Audra Schroeder of The Daily Dot showed similar concerns surrounding its presentation, but noted the show's use of social networking (such as an interview conducted via Google Hangouts, and active social media presences for its personalities) helped to encourage viewer interaction. In comparison to conventional news programming, Schroeder believed that "the TMZ-style approach to hard news might seem like devolution to some, but this shift could actually work. It might actually be necessary."

=== Controversy ===
The replacement of WWOR's traditional newscast with Chasing refueled discussions over whether WWOR was adequately serving the New Jersey market as required by its license. When WWOR's past owner RKO General was faced with the possible revocation of the station's license due a corporate scandal, it successfully lobbied for legislation guaranteeing license renewals for any VHF station which moved into a state without one (such as, at the time, New Jersey). Ever since the station moved its license from New York City to Secaucus in 1982 under the provisions (though for all intents and purposes, it was and still is a New York City station), WWOR has been subject to expanded public service obligations by the Federal Communications Commission, which require the station to serve the New Jersey side of the market with a "higher degree of service" than normally required.
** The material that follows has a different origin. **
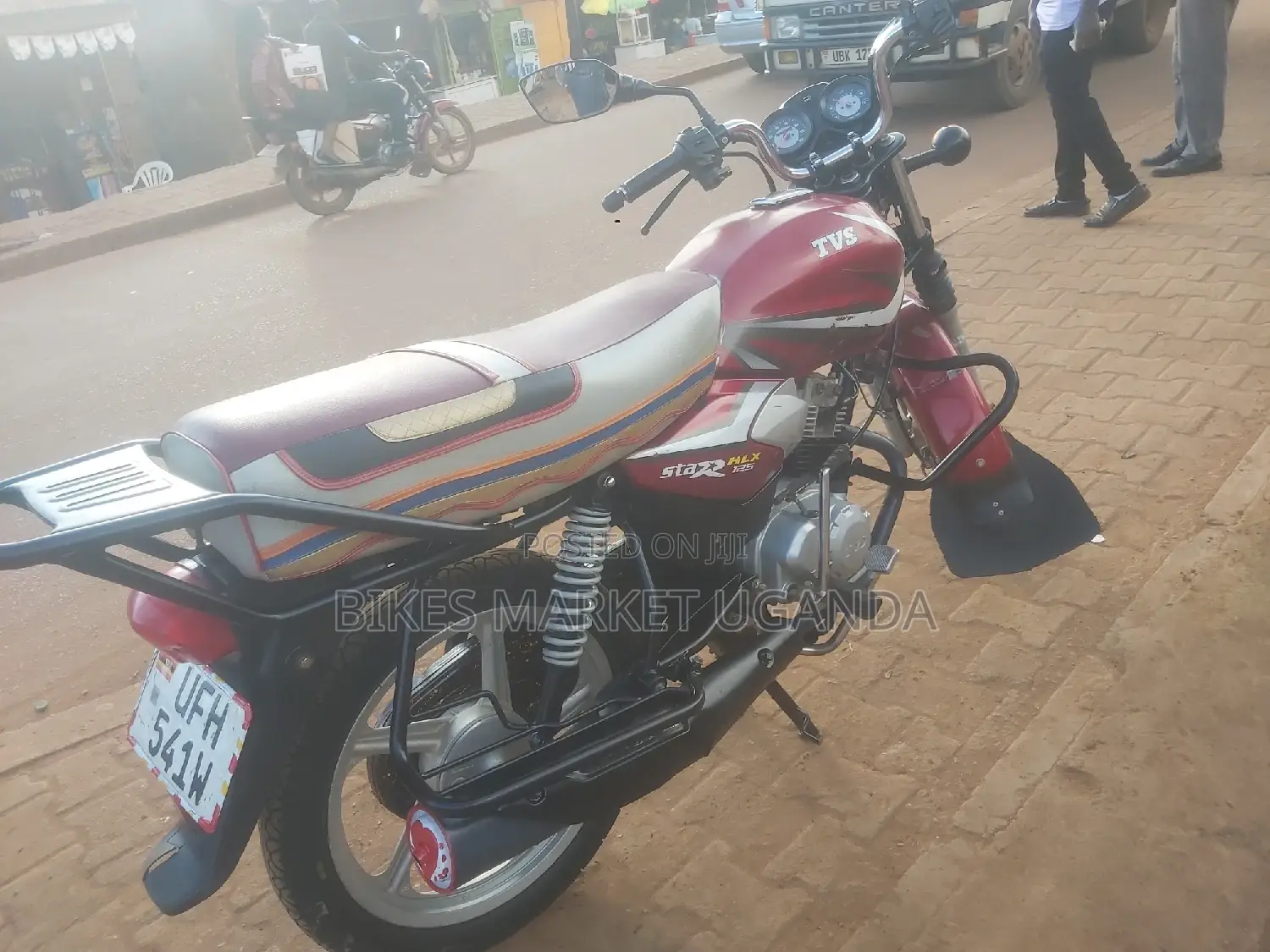 TVS HLX 125 2023 Red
Under the ownership of Fox Television Stations, WWOR came under scrutiny for the quality of its news operation. In 2004, for instance, when Fox floated moving WWOR's operations to WNYW's studio in Manhattan, pressure from Senator Frank Lautenberg and Congressman Steve Rothman (whose district included Secaucus) forced Fox to back down. Rothman argued that WWOR's license specifically required that its main studio be based in New Jersey. Additionally, there were concerns that any move back across the Hudson River would result in WWOR's news department being shut down, or at the very least cut back to the point that it could not adequately cover New Jersey events.
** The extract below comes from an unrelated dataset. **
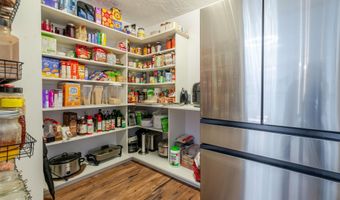 656 E Thornton Lake Dr NW, Albany, OR 97321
As a result, the renewal of the station's license had been pending from 2007 to 2014. Lautenberg accused the station of failing to meet its public service obligations, misrepresenting the amount of New Jersey-centric programming it airs, and misrepresenting the number of employees who work for the station. The station was also criticized by the media watchdog group Voices of New Jersey for similar reasons, claiming that Fox was making too many budget and staff cuts at the station, and also accusing the company of misrepresenting the number of staff it employs. However, Fox argued that the cutbacks were an economic measure in response to a recent economic downturn.

After Lautenberg's June 3, 2013, death, fellow New Jersey senator Bob Menendez, a resident of nearby Paramus, took up the cause. Following the announcement of Chasing New Jersey, Mernendez sent a complaint to the FCC, asking it to review WWOR's license. In the complaint, Mernendez stated that "rather than add much-needed New Jersey specific programming to their lineup, WWOR instead [chose] to supplant its nightly news segment with a show referred to in news reports as 'like TMZ.'" Rep. Frank Pallone, who was then in the special election to fill Lautenberg's seat, also called for the revocation of WWOR's license.
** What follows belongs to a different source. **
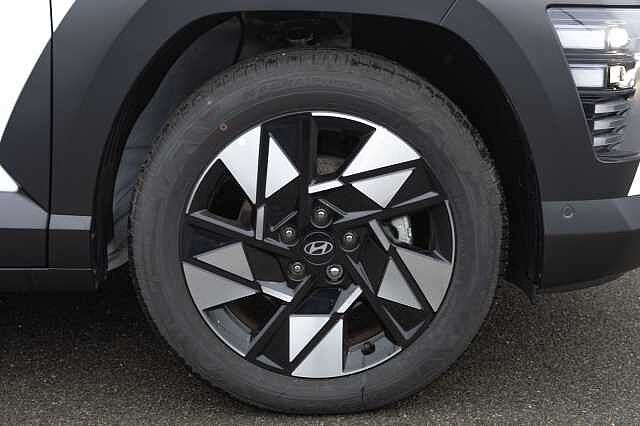 Hyundai KONA 1.6 Hybrid 129 Ultimate 5dr DCT Atlas White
WWOR was also criticized for similar reasons by the trade union Writers Guild of America, East (WGA East). Its executive director, Lowell Peterson. stated that "the people of New Jersey deserve a television station that will honor its responsibility to provide thoughtful, professional coverage of the issues facing the state. WWOR should add news programming, not chase it off the airwaves." Seven writers who were members of WGA East were dismissed after the cancellation of WWOR's newscast.